▶ [What you should do]: Your job is to retype all of the data word for word, leaving every image out.
==== Provided material ====
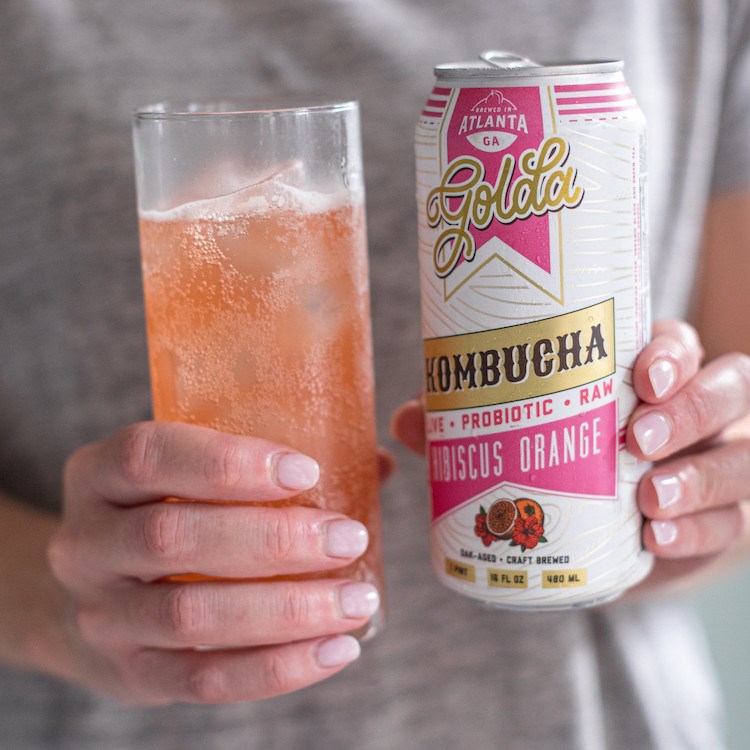 Picture of hibiscus orange kombucha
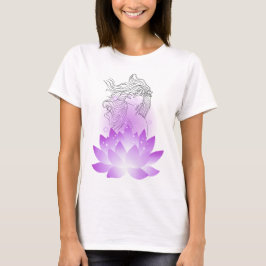 Lotus Spirit – Soft Feminine Line Art T-Shirt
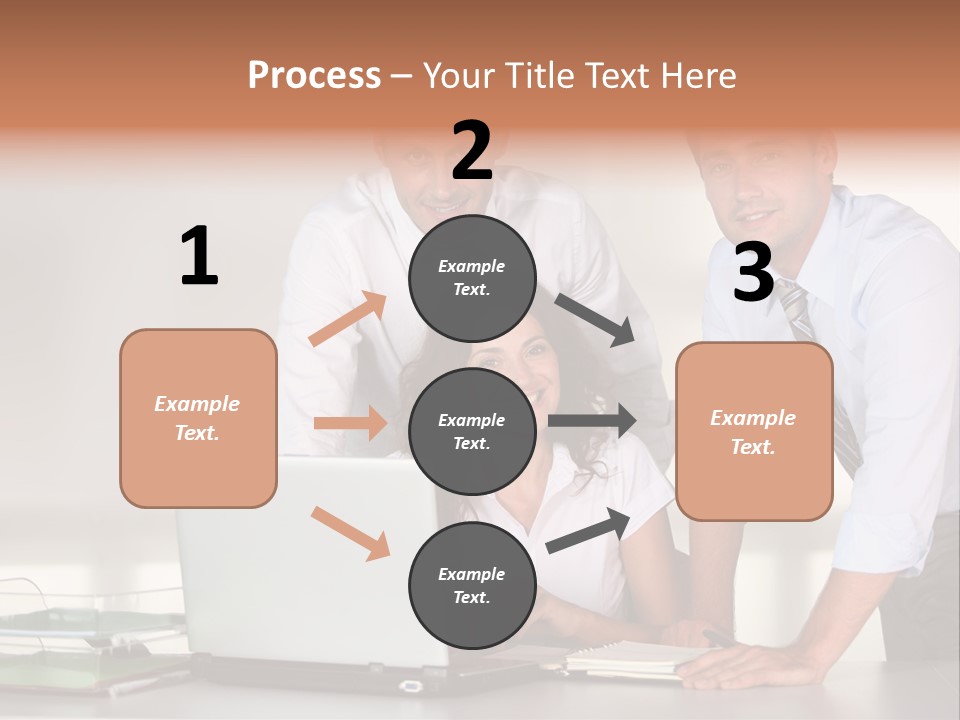 Men Adults Employees PowerPoint Template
====
▶ [Exercise answer]:
 Picture of hibiscus orange kombucha
 Lotus Spirit – Soft Feminine Line Art T-Shirt
 Men Adults Employees PowerPoint Template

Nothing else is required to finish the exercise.